Re: Around Southern Africa on 2 small bikes
« Reply #241 on: November 28, 2018, 06:03:32 pm »


Day 72 and 73 – Mozambique, Tofinho, Lobster chalets – weds. 8th and Thursday 9th August, 0kms

From the breakfast terrace, every morning around 7:30, while working our way through the B&B's massive breakfast, we could see whales playing in the ocean and jumping out off the water. It was amusing to see, an hour later, when they were all gone, the Zodiac boats, full of tourists, going all over trying to find the whales! We just had to sit early morning to check them out!  :biggrin:


We explored Tofinho, a small and very pleasant village, and had a couple of excellent lunches at a little shack.




Offline maria41

Re: Around Southern Africa on 2 small bikes
« Reply #242 on: November 28, 2018, 06:05:05 pm »

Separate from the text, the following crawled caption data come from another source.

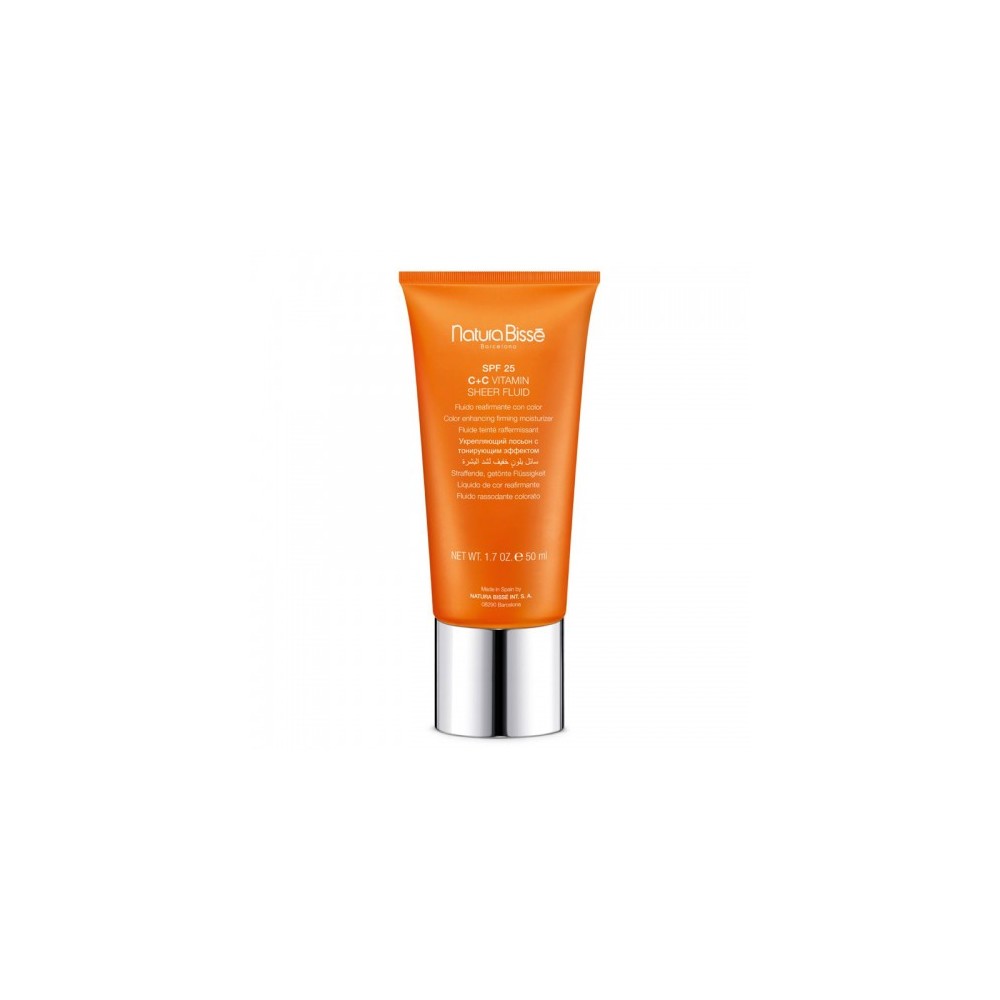 Natura Bisse C+C Vitamin Sheer Fluid Spf25 Fluido Viso Idratante E Rassodante 50 Ml 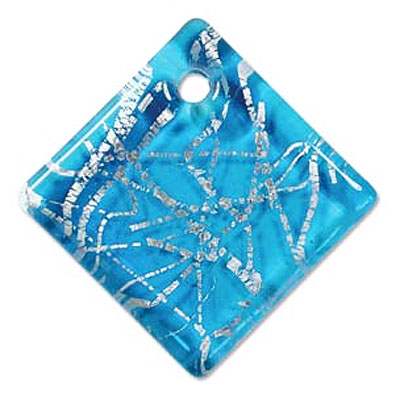 Diamond Pendant 46x46mm Turquoise-1개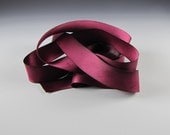 Ribbon Hanah Silk Satin 1" Wide  Garnet 3 yd length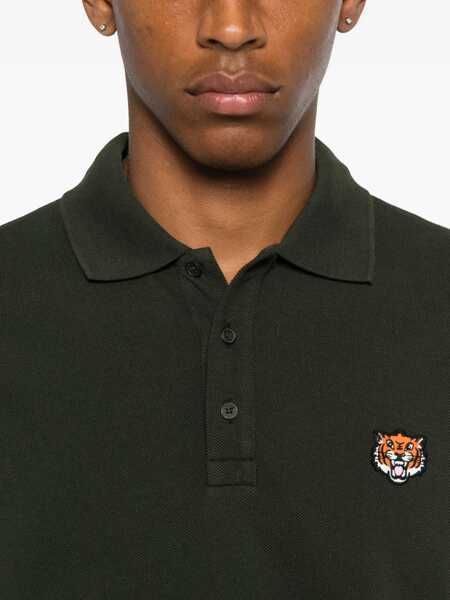 Tricouri Polo Kenzo Polo Shirt With Happy Tiger Embroidery BROWN Barbati (BM 18775870) 4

We also found a bar, the next day that served Caipirinhas! A real taste of Brazil! We spent 2 years living in Rio de Janeiro, and although some aspects were very difficult (insane bureaucracy) the outdoor lifestyle, the friendliness and easy-going nature of the Cariocas was fantastic.

We did not do much other than few long walks around the beach and the village. We had a relaxing time. The area was full of tourists, coming to fish, see the whales, dive, surf and party. As a result, it attracted a fairly young crowd.


Day 74 and 75 – Mozambique, near Chidenguele, Sunset Beach Lodge, 240kms – 10th and 11th of August


Most places I investigated online seemed still fully booked for our dates. I found the Sunset Beach lodge online. They had small self-catering chalets and camping ground at a good price.

So we left Tofinho after a huge breakfast and rode through few miles of sandy trails, then we picked up the tarmac and the main road south.

We arrived at the turn off from Chidenguele early afternoon. Then it was 6 kms of sandy track to the lodge.


Why is it that everywhere we go, we always end up riding few miles of sand to get to camp? I hate sand! Riding sand is hard! This one was usual with sections of deep fluffy sand that sent my front wheel all loose. I managed to keep control and made it to the lodge. The day was incredibly hot and by the time I wrestled my bike through the sand I was drenched!

Offline maria41

Re: Around Southern Africa on 2 small bikes
« Reply #243 on: November 28, 2018, 06:07:03 pm »
The camping area was just deep sand, which was not great. Although our small tent is dome style, and can potentially be used without pegs, using pegs help opening the sides and makes the tent more roomy.  The chalets were 2600 Meticals a night (About $40), so we took the comfortable option!

The place looked deserted but as we took the path down the beach we came across a group of South Africans fishing.




Back at the lodge, a local family with 2 kids (maybe form Maputo?) were lounging by the pool and then having dinner.


By dinnertime, half an hour after we ordered dinner, a large group of Italians (10 or 12 of then) turned up. I knew what would happen. Those organised tours usually pre order their food. While the cook prepared their food, we waited. 2 hours after our order went off, we finally had our dish, after the Italians got theirs.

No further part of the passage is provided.